GOAL OF THE EXERCISE: Two lines in the data below mark the range: the one with "Το καζίνο της" and the one with "34 najsłynniejsze rzeźby". Return both, along with every line between them, exactly.

INPUT:
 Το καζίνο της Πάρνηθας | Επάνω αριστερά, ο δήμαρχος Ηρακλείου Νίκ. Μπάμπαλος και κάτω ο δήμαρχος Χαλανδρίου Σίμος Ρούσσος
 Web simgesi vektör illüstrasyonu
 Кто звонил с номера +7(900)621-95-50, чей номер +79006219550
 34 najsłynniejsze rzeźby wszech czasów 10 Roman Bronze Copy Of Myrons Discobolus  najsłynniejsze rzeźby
* * *
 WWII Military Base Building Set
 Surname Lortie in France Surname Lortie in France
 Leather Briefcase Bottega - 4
* * *
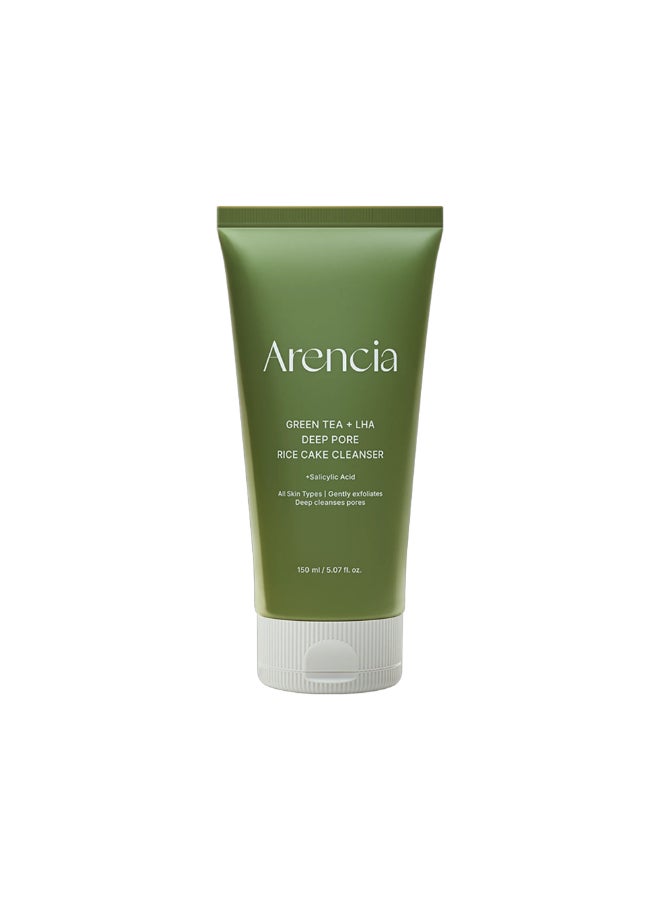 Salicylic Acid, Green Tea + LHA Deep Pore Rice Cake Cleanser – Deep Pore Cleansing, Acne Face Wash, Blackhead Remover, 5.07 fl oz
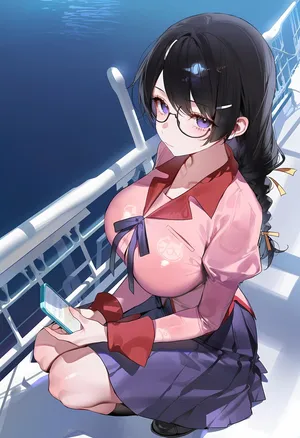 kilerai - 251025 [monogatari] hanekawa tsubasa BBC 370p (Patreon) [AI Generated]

RESPONSE BELOW:
 Το καζίνο της Πάρνηθας | Επάνω αριστερά, ο δήμαρχος Ηρακλείου Νίκ. Μπάμπαλος και κάτω ο δήμαρχος Χαλανδρίου Σίμος Ρούσσος
 Web simgesi vektör illüstrasyonu
 Кто звонил с номера +7(900)621-95-50, чей номер +79006219550
 34 najsłynniejsze rzeźby wszech czasów 10 Roman Bronze Copy Of Myrons Discobolus  najsłynniejsze rzeźby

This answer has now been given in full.